PROBLEM DETAILS | Would you please copy each line of the data in which the string "Immunohistochemistry" occurs?

———

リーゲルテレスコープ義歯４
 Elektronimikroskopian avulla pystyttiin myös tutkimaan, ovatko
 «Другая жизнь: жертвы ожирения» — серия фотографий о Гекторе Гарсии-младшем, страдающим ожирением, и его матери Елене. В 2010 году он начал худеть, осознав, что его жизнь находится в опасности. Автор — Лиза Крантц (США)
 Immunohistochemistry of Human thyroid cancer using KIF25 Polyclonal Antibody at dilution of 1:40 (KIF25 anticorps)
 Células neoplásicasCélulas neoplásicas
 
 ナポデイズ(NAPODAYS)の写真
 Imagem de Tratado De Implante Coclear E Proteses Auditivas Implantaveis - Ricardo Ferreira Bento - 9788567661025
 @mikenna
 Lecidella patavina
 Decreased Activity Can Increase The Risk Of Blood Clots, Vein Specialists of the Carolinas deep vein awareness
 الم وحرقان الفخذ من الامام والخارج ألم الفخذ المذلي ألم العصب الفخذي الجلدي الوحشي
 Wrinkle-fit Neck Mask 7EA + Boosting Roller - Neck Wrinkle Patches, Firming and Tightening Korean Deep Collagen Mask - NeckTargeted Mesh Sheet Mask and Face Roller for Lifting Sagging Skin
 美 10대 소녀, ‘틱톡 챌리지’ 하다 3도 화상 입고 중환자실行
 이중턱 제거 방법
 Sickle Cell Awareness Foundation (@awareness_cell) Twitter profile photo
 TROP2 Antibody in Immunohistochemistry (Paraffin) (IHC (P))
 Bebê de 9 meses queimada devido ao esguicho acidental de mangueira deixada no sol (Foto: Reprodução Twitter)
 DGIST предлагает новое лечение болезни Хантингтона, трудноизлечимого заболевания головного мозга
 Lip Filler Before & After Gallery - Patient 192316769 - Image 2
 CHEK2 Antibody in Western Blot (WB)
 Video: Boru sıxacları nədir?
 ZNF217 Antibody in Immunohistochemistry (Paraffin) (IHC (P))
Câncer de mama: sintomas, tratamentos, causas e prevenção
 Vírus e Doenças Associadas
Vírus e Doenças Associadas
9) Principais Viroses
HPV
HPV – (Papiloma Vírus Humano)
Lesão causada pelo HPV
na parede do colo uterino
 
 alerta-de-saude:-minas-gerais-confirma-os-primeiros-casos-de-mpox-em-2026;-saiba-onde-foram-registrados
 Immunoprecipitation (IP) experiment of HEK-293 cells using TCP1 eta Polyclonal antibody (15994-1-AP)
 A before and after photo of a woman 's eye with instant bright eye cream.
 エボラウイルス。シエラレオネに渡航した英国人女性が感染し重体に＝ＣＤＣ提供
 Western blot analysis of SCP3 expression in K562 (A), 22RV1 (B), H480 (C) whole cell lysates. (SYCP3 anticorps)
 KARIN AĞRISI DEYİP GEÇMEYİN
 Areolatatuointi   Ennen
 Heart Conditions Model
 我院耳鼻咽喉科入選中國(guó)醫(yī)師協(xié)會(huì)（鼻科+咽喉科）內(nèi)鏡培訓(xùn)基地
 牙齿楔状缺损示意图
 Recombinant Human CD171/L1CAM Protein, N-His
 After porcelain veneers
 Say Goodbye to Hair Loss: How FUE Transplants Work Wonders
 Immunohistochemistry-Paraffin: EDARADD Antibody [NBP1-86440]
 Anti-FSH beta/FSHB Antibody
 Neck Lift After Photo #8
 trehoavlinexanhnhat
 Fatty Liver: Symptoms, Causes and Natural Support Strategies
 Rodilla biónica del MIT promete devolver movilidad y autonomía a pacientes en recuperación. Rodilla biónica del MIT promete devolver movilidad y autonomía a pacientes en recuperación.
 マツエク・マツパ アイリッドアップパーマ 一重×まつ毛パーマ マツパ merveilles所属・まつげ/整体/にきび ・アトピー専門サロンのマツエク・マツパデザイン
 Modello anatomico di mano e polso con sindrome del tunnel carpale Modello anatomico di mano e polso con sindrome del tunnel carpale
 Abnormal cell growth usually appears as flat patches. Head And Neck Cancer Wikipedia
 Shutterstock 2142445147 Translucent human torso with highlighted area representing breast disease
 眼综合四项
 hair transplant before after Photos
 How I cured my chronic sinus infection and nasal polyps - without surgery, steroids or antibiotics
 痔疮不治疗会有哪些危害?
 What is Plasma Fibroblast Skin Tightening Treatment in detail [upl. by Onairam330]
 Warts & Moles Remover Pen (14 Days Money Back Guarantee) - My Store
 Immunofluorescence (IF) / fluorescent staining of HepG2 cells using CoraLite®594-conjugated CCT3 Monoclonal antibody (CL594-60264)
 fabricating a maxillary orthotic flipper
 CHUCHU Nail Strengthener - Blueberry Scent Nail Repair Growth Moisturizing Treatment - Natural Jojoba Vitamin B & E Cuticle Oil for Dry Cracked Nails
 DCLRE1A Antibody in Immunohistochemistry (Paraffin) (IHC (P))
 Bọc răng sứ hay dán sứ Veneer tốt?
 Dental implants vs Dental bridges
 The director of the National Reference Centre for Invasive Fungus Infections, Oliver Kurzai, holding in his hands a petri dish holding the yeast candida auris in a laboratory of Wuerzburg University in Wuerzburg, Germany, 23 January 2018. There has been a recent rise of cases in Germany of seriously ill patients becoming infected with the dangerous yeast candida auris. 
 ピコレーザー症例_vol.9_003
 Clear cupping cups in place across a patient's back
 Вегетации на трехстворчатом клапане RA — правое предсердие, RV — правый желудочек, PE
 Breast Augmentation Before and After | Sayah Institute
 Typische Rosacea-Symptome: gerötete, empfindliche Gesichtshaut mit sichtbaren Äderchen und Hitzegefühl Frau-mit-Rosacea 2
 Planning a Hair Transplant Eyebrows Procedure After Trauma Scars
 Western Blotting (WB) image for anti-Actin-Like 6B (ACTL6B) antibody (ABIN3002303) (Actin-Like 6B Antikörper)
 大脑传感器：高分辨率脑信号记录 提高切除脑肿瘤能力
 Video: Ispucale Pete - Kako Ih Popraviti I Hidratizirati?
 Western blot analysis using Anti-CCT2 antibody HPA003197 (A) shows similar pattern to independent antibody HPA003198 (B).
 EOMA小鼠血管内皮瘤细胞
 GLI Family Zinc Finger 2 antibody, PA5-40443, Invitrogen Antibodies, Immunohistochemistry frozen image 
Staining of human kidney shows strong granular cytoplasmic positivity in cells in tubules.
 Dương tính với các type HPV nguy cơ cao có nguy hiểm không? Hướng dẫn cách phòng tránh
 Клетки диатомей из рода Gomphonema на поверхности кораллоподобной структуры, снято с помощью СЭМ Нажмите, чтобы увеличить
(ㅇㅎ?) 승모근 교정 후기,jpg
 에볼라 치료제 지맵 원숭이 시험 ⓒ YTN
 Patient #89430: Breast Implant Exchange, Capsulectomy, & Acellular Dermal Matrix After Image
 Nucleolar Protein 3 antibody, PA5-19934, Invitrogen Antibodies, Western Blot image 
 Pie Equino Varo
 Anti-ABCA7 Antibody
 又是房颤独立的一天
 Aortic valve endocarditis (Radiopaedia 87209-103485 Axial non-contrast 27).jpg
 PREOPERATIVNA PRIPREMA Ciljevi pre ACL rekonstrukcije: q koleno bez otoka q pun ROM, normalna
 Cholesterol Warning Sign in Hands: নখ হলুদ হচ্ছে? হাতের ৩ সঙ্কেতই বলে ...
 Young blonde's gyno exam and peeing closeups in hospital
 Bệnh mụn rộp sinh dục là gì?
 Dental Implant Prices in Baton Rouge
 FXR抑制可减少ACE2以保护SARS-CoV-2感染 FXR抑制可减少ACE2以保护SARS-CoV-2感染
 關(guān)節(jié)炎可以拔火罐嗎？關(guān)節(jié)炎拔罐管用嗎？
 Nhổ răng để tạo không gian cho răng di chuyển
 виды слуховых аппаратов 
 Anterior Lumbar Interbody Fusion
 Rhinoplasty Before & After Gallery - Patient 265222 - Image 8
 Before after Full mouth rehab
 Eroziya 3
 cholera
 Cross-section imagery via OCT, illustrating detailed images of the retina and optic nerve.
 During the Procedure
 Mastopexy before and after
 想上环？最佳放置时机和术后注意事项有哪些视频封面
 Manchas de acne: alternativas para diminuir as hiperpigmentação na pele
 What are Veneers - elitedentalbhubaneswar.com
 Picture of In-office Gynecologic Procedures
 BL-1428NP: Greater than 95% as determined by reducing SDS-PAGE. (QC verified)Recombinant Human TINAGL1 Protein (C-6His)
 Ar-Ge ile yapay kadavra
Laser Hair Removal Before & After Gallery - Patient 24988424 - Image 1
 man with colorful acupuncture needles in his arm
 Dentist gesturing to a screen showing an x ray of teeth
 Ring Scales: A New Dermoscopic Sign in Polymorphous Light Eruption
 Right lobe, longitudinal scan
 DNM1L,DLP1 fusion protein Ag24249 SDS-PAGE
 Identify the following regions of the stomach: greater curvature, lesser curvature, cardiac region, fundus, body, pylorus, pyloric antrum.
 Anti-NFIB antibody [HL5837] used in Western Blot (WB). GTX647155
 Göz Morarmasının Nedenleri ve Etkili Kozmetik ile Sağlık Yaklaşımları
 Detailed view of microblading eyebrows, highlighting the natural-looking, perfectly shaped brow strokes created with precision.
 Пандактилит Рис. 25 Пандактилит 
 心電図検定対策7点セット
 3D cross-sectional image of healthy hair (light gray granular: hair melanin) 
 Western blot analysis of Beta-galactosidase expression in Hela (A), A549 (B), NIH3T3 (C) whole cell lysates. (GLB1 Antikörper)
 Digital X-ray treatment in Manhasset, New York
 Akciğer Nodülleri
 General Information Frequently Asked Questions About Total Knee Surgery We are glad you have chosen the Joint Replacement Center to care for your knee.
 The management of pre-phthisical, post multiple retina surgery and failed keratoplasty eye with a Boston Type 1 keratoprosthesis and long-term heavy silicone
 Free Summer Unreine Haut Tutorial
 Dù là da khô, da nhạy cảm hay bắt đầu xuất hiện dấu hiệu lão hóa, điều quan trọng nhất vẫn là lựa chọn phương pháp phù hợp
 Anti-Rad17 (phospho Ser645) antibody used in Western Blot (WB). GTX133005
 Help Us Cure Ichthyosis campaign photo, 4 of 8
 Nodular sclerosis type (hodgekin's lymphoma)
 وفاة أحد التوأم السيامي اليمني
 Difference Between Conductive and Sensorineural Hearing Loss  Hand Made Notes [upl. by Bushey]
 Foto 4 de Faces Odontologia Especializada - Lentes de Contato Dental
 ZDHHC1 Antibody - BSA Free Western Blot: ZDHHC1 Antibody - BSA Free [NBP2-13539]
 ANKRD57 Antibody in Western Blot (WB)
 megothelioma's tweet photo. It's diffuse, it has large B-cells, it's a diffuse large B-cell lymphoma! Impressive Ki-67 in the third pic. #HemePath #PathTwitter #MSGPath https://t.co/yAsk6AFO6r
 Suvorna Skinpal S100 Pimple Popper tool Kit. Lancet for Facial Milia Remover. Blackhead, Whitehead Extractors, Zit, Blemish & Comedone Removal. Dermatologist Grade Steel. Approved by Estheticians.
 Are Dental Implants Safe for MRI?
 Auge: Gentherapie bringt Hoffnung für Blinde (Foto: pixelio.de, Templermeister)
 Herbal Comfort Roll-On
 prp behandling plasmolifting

———

ANSWER FOR THIS EXERCISE |
 Immunohistochemistry of Human thyroid cancer using KIF25 Polyclonal Antibody at dilution of 1:40 (KIF25 anticorps)
 TROP2 Antibody in Immunohistochemistry (Paraffin) (IHC (P))
 ZNF217 Antibody in Immunohistochemistry (Paraffin) (IHC (P))
 Immunohistochemistry-Paraffin: EDARADD Antibody [NBP1-86440]
 DCLRE1A Antibody in Immunohistochemistry (Paraffin) (IHC (P))
 GLI Family Zinc Finger 2 antibody, PA5-40443, Invitrogen Antibodies, Immunohistochemistry frozen image 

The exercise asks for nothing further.